*** Opening Provided material ***
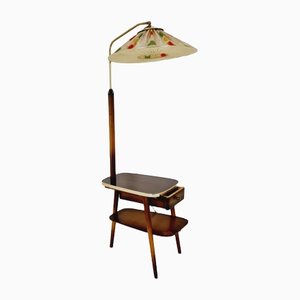 German Modern Floor Lamp in Brass with Mahogany Table, 1950s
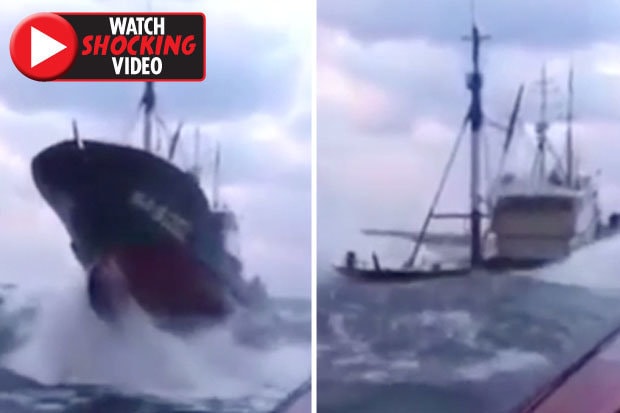 Nave combatte con le onde dell'oceano VIDEO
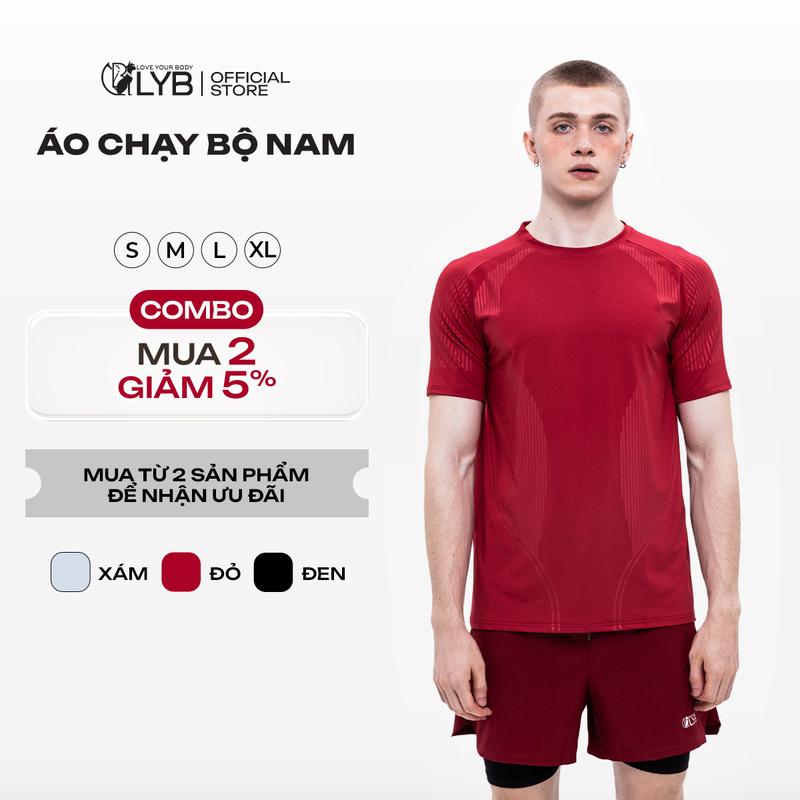 LYB - Áo chạy bộ nam, áo tập thể thao, gym nam, áo thun mè thoáng, form suông, phản quang, nhiều màu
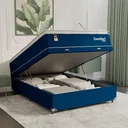 Ver imagem 1 de Cama Box Baú Viúva + Colchão Comfort Class Pillow Top Azul/suede Azul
*** Closing Provided material ***
Reproduce the final stretch of lines exactly: the line containing "LYB - Áo chạy" through the last line of the data, both included. Pictures do not belong in the copy.

■ Answer to the problem ■
 LYB - Áo chạy bộ nam, áo tập thể thao, gym nam, áo thun mè thoáng, form suông, phản quang, nhiều màu
 Ver imagem 1 de Cama Box Baú Viúva + Colchão Comfort Class Pillow Top Azul/suede Azul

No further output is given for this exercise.